弟子の一人だったパウロは、アブラムの物語を思い出して皆を説得しました。「最初に神様に義と認められた、つまり神様から喜ばれる正しい人だと認められたアブラムは、後からできた旧約聖書のルールについて何も知らなかった。アブラムはただ、神様を信じただけで義と認められたと書いてあるではないか。」これを根拠に、イエス様の弟子たちは皆、信じるだけで神様に喜ばれ、永遠の命をいただけると教えるようになりました。
子孫がカナンの地を全部受け取るという約束を受けたアブラムの心に、一つの大きな引っかかりがありました。アブラムとサライには子どもがいませんでした。以前は甥のロトに財産を継がせることも考えましたが、ロトは略奪隊から救出された後も、ソドムの街に住み続けていました。このまま死ぬと、血が繋がっていない召使のエリエゼルが継ぐことになります。このような状況の中で、何を約束されても嬉しいはずがありません。
神様はアブラムをテントの外に連れ出し、天の川がくっきりと見える、大小の星が輝く夜空を見上げさせて言いました。「できることなら星がいくつあるか、数えて見なさい。」どこから数え始めれば良いのかと迷うアブラムの耳にすかさず、次の言葉が聞こえてきました。「あなたの子孫はこのようになる。」何年も子宝に恵まれなかったアブラムに、疑う余地はいくらでもありました。しかし、神様に喜ばれたアブラムのここが違いました。「アブラムは主を信じた。主はそれを彼の義と認められた。

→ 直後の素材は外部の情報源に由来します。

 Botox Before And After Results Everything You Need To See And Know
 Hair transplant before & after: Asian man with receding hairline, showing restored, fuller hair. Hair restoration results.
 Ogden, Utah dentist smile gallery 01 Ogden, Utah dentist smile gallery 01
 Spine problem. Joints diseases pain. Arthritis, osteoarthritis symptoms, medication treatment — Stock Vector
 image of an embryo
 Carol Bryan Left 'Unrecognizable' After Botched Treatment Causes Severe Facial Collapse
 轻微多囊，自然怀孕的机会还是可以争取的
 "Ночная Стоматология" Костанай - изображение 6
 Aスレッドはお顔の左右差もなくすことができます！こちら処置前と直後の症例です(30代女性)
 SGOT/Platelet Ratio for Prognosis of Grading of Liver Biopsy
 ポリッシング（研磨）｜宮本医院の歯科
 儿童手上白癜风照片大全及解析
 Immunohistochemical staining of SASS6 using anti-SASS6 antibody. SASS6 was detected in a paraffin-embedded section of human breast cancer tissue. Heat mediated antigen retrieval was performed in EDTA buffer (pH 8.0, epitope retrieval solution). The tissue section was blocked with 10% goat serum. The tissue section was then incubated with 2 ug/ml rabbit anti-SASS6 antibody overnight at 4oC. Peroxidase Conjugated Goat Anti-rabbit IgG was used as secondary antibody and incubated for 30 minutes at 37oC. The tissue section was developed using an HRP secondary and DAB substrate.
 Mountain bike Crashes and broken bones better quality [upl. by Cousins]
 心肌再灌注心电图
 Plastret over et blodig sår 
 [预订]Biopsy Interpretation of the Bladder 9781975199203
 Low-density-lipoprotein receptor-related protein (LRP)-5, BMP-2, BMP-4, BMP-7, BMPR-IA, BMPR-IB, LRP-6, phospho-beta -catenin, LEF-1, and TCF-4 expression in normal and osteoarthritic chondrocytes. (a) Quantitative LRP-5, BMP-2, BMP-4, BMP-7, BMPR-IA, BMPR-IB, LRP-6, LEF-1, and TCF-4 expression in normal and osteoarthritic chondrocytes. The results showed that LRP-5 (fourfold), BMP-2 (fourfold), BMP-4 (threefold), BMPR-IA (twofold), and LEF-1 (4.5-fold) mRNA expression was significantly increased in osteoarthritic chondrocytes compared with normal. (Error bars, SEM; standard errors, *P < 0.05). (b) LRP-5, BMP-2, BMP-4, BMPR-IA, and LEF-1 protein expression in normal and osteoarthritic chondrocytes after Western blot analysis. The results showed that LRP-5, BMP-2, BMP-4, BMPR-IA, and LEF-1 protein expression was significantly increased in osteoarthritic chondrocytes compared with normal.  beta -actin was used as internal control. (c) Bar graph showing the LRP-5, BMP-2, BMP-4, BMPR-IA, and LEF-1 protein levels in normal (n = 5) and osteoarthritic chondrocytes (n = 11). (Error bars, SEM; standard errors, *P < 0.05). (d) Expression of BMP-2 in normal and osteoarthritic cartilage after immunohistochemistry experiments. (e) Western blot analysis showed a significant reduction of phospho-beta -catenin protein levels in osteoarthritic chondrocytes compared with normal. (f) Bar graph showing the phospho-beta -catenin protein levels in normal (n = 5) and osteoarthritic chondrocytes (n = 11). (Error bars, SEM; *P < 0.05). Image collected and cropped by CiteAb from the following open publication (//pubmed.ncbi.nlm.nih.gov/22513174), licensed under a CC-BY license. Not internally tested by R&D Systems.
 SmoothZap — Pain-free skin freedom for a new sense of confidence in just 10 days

」
旧約聖書には、英雄と呼べるような人はいくらでもいます。彼らに比べると、アブラムにはこれといった実績はありません。しかし、不思議なことに聖書は、神様を信じたというだけなのに、アブラムこそ一番偉かったとまで言っています。それはアブラムが神様を信じたという単純な事実がすべての始まりであり、それがなければ、後の出来事は何一つ起こり得なかったからです。
疑う力にも大事な役割がありますが、人間にとってそれ以上に大切なのは信じる力です。疑い続ける人は騙されないで済むかもしれませんが、生きることの喜びを一つも体験することなく、暗い人生を送ることになります。何をやっても意味がないと思うのも各自の自由ですが、すべての事に意味がある信じた方が、はるかに良い人生へとつながって行きます。
新約聖書を読むとイエス様の言葉に出会います。「もし信じるなら、神の栄光が見られると言っておいたではないか。」「信じない者ではなく、信じる者になりなさい。」毎朝の礼拝で聞く言葉は私たちに新たな信じる機会を提供してくれます。「何を言っているんだ」と言わず、「私も聖書の言葉にかけて見よう」と思うなら、想像もしなかった世界が目の前に広がって行きます。一人一人に信じる力が与えられるように願います。